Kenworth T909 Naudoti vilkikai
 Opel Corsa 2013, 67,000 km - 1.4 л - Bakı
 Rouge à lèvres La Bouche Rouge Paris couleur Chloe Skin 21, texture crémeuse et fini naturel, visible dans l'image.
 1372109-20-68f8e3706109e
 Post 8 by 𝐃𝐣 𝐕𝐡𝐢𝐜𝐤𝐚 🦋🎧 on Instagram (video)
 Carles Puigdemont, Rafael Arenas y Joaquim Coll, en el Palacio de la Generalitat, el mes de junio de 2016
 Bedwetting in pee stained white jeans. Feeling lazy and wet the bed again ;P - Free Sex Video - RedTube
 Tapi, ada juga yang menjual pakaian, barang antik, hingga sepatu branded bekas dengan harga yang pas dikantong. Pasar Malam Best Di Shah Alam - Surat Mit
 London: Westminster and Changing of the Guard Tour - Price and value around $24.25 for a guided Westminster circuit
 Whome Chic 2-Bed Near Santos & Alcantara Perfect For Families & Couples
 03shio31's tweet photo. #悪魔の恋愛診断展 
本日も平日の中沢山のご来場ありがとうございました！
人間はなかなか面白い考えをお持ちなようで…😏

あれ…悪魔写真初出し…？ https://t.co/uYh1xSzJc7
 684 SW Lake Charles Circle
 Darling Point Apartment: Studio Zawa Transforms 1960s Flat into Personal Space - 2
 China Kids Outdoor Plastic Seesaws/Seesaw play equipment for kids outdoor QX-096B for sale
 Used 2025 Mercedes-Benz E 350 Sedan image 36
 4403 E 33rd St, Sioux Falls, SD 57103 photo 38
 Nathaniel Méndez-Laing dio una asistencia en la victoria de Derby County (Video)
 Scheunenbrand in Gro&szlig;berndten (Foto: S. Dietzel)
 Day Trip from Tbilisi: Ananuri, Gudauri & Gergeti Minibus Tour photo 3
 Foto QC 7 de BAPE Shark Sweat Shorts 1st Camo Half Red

→ **Problem to solve**: Retype each line above, keeping every character.

→ **Expected output**:
Kenworth T909 Naudoti vilkikai
 Opel Corsa 2013, 67,000 km - 1.4 л - Bakı
 Rouge à lèvres La Bouche Rouge Paris couleur Chloe Skin 21, texture crémeuse et fini naturel, visible dans l'image.
 1372109-20-68f8e3706109e
 Post 8 by 𝐃𝐣 𝐕𝐡𝐢𝐜𝐤𝐚 🦋🎧 on Instagram (video)
 Carles Puigdemont, Rafael Arenas y Joaquim Coll, en el Palacio de la Generalitat, el mes de junio de 2016
 Bedwetting in pee stained white jeans. Feeling lazy and wet the bed again ;P - Free Sex Video - RedTube
 Tapi, ada juga yang menjual pakaian, barang antik, hingga sepatu branded bekas dengan harga yang pas dikantong. Pasar Malam Best Di Shah Alam - Surat Mit
 London: Westminster and Changing of the Guard Tour - Price and value around $24.25 for a guided Westminster circuit
 Whome Chic 2-Bed Near Santos & Alcantara Perfect For Families & Couples
 03shio31's tweet photo. #悪魔の恋愛診断展 
本日も平日の中沢山のご来場ありがとうございました！
人間はなかなか面白い考えをお持ちなようで…😏

あれ…悪魔写真初出し…？ https://t.co/uYh1xSzJc7
 684 SW Lake Charles Circle
 Darling Point Apartment: Studio Zawa Transforms 1960s Flat into Personal Space - 2
 China Kids Outdoor Plastic Seesaws/Seesaw play equipment for kids outdoor QX-096B for sale
 Used 2025 Mercedes-Benz E 350 Sedan image 36
 4403 E 33rd St, Sioux Falls, SD 57103 photo 38
 Nathaniel Méndez-Laing dio una asistencia en la victoria de Derby County (Video)
 Scheunenbrand in Gro&szlig;berndten (Foto: S. Dietzel)
 Day Trip from Tbilisi: Ananuri, Gudauri & Gergeti Minibus Tour photo 3
 Foto QC 7 de BAPE Shark Sweat Shorts 1st Camo Half Red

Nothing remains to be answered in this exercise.